When the war ended, Holt's planned expansion to meet the military's needs was no longer needed. The company was left in a difficult situation. The types of tractors needed by the military were very different from what farmers needed. Their situation was worsened as artillery tractors were brought back from Europe, depressing prices for new equipment and Holt's unsold inventory of military tractors. The company moved to focus less on agricultural machinery and more on producing road-building equipment. To keep the company afloat, they borrowed heavily.
Both companies were affected by the transition from a wartime to a peacetime economy, which contributed to a nationwide depression, further inhibiting sales.
On December 5, 1920, 71-year-old Benjamin Holt died after a month-long illness. Holt had been considered a "quiet and unassuming man who loved his work". He was well liked by his workers and dedicated a trust fund for employees who suffered financial difficulties.
Caterpillar company formed
The banks who held the company's large debt forced the Holt board of directors to accept their candidate, Thomas A. Baxter, to succeed Benjamin Holt. Baxter was a former Boston banker who had joined the Holt company in 1913 as a business manager. The company struggled with the transition from wartime boom to peacetime bust. Baxter initially cut the large tractors from the company's product line and introduced smaller models focused on the agricultural market. When the Federal Aid Highway Act of 1921 funded a US$1 billion federal highway building program, Baxter began focusing company assets towards road construction. Along with the C. L. Best Gas Traction Company, formed by Clarence Leo Best in 1910, Holt faced fierce competition with the Fordson company.
Between 1907 and 1918, Best and Holt had spent about US$1.5 million in legal fees fighting each other.
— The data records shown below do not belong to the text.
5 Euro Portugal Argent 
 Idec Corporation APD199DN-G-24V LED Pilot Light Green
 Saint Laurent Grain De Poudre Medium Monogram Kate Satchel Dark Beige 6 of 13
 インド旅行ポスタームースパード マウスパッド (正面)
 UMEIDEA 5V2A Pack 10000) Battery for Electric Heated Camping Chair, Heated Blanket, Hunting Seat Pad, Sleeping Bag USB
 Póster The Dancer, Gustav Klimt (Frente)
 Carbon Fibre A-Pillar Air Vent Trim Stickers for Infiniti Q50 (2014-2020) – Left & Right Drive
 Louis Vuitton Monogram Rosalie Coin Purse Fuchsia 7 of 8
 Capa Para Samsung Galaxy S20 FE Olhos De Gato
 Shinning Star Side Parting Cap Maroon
The two companies competed economically and intellectually: Benjamin Holt had 47 patents in his name, while his nephew Pliny Holt had 38 patents; Best founder Daniel Best received 42 patents and his son C. L. Best had 27 patents.
Harry H. Fair of the bond brokerage house of Pierce, Fair & Company of San Francisco was involved in funding C. L. Best's debt, when Holt shareholders approached him about their company's financial plight. He concluded that both companies might not survive and recommended that the Holt and Best companies should consolidate operations. In April and May 1925, the financially stronger C. L. Best merged with the market leader Holt Caterpillar to form the Caterpillar Tractor Co. Baxter had been removed as CEO earlier in 1925, and Clarence Leo Best assumed the title of CEO, and remained in that role until October 1951. The new company was headquartered in San Leandro until 1930, when under the terms of the merger it was moved to Peoria.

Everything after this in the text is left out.